Word for word, set down every line of the entries below from the line with "Used Volkswagen Magotan" to the line with "Photo 17 of", including both, and no other line.

> _Source information_
----------

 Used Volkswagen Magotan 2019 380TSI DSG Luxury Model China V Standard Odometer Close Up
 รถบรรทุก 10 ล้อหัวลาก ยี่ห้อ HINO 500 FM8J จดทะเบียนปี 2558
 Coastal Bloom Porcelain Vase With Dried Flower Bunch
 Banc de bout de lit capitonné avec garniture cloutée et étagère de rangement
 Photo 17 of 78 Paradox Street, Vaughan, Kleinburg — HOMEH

----------

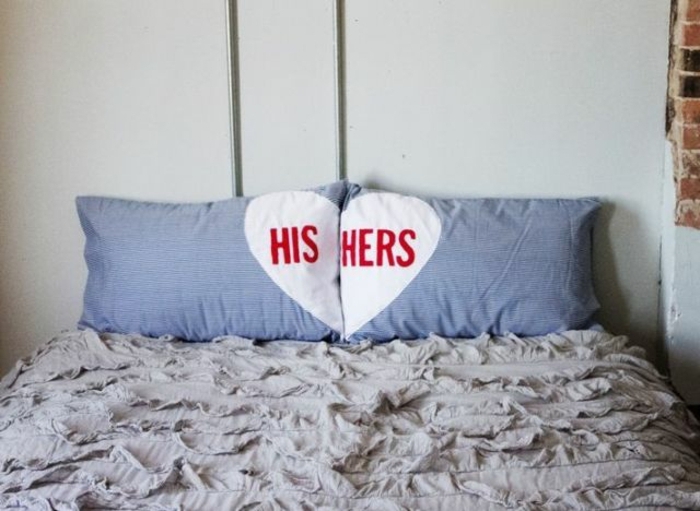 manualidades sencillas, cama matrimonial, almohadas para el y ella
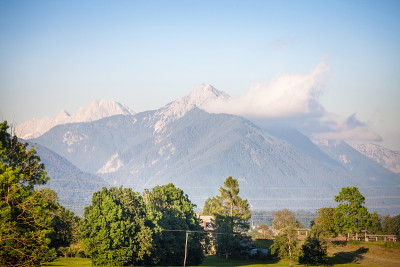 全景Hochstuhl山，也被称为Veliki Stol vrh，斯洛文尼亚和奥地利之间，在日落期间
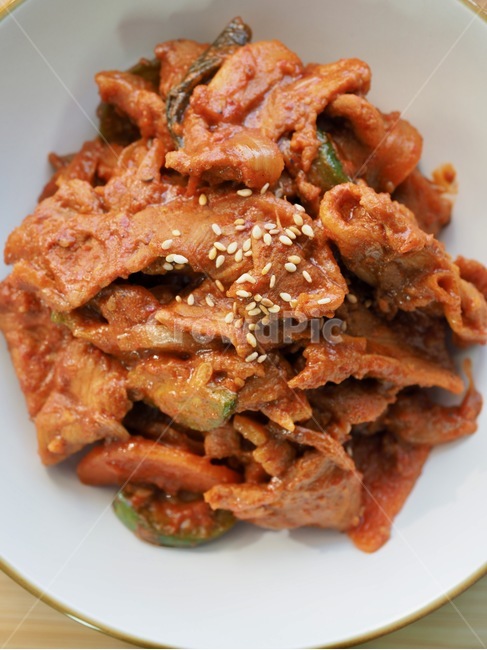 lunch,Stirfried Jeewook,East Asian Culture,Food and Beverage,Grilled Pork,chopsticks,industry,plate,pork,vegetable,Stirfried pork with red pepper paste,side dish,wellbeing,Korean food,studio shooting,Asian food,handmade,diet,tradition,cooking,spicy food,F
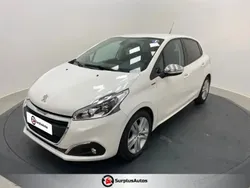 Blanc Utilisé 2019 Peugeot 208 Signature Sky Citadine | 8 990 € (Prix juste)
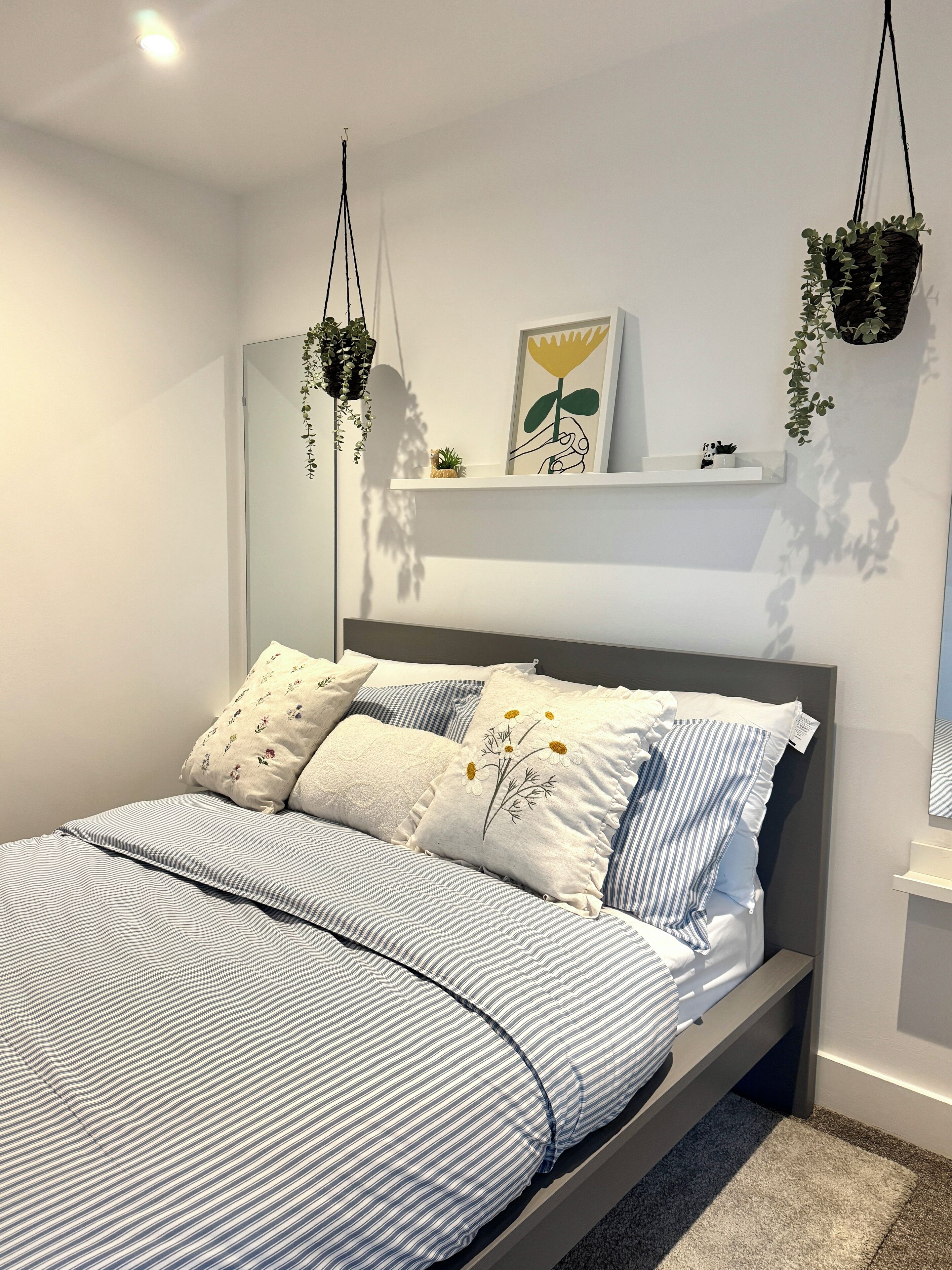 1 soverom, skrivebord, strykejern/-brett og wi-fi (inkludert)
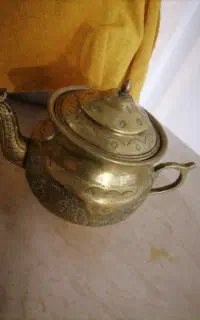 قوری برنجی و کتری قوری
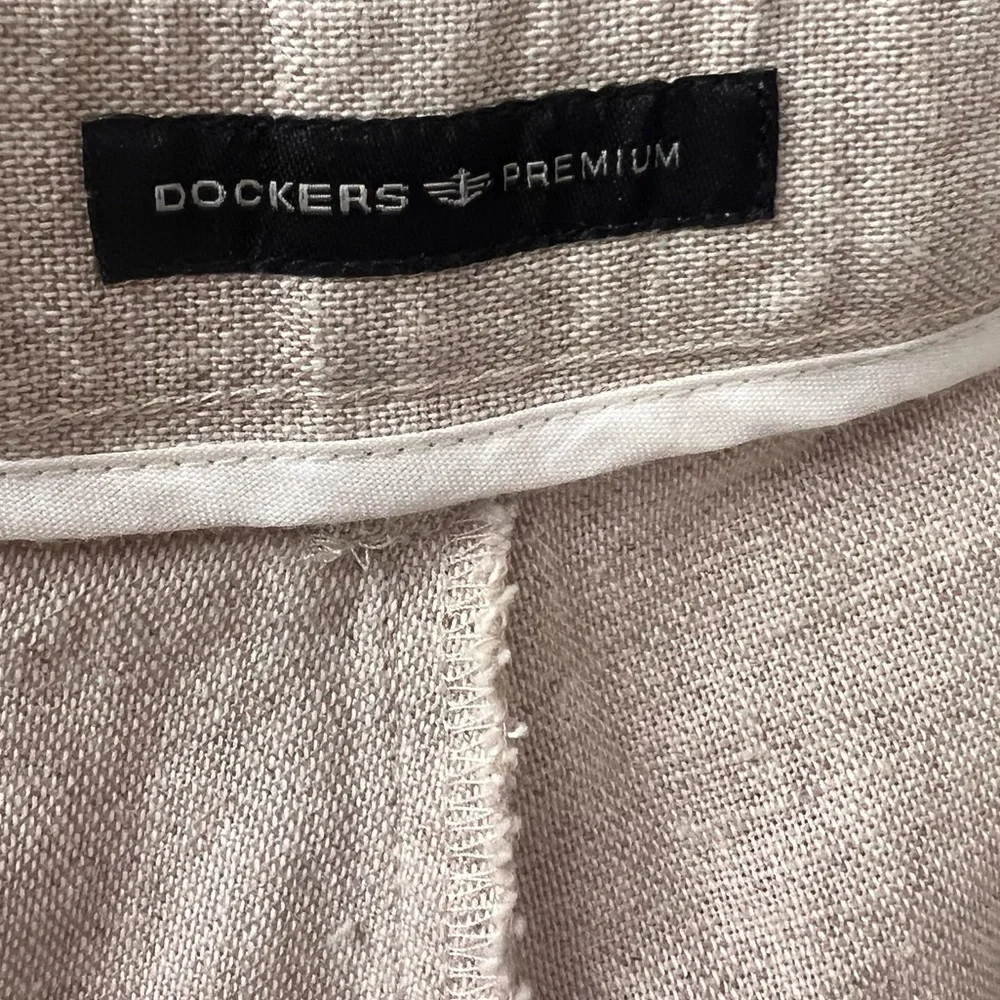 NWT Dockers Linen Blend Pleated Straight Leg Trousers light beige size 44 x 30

----------

> _Task answer_
 Used Volkswagen Magotan 2019 380TSI DSG Luxury Model China V Standard Odometer Close Up
 รถบรรทุก 10 ล้อหัวลาก ยี่ห้อ HINO 500 FM8J จดทะเบียนปี 2558
 Coastal Bloom Porcelain Vase With Dried Flower Bunch
 Banc de bout de lit capitonné avec garniture cloutée et étagère de rangement
 Photo 17 of 78 Paradox Street, Vaughan, Kleinburg — HOMEH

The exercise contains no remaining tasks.